Currently GHC has an optimization which creates lambda-bound variables with unfoldings. It is described in Note [Case binders and join points], originally added in 72462499. In this situation, if we'd like to create a join point:

case ... of c {
   I# c# -> ....c....
}

we take both the case binder and the deconstructed fields:

letjoin $j = \c# -> \c -> ...c.... in
  case ... of c { I# c# -> $j c# c }

and we add an unfolding to the binder c: it is equal to I# c#.

I propose to remove this transformation. The reasons are:

  • Unfoldings attached to lambda-bound variables are a rather weird concept. They mean that a function can no longer be called on arbitrary values. Lint does not check whether the calls to the join point are consistent with unfolding.
  • This leads to bugs and addition of special cases (e.g. 71c7067b, #13890 (closed)).
  • In linear types, this transformation does not preserve linearity unless we complicate Lint significantly (in both function abstraction and function calls).

Proposed alternative:

  • If the case binder is not used, we just pass the arguments: letjoin $j = \c# -> ...c#...
  • If the case binder is used, we recreate it inside the join point: letjoin $j = \c# -> let c = I# c# in ...c...

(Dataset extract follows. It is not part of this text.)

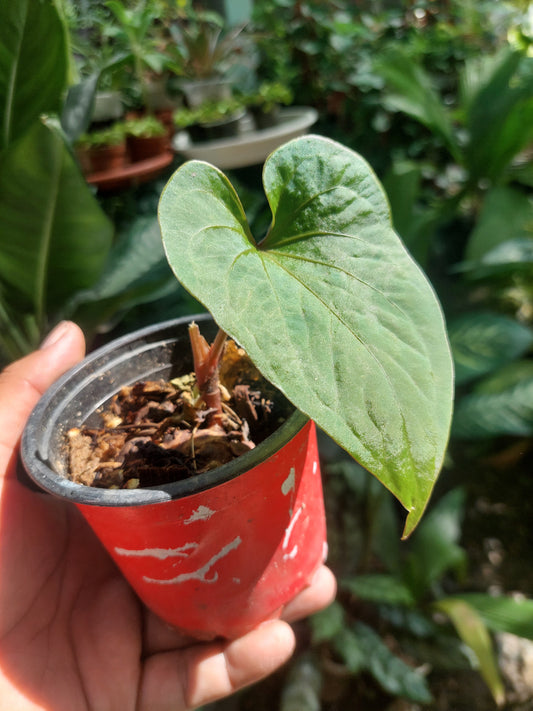 Anthurium sp. 'Huanuco Velvet' Small Size (EXACT PLANT)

There are two performance regressions, but I believe the tradeoff is worthwhile.

  • There's one perf test failing, T9872d, where compile-time allocation goes up by 1.2%. I think we can just mark it as Metric Increase.

  • nofib results: https://gist.github.com/facundominguez/3482c11ab2be94492843c843f41c755e.

    There is one regression in allocations, cichelli +9%.

    The regression happens because of reboxing in the function hinsert. Core before and after can be seen at https://github.com/tweag/ghc/issues/412#issuecomment-559213720.

    The relevant join point is called $j_s3No in the version with the optimization, or $j_s3Nq in the version without the optimization.

    When the optimization is enabled, it gets two parameters, y :: Int# and wild1 :: Int (= I# y), and returns a structure containing wild1. Without the optimization, $j gets only y and has to recreate I# y.

    The program wave4main, which was the motivation for this transformation as described in the Note [Case binders and join points], is no longer affected.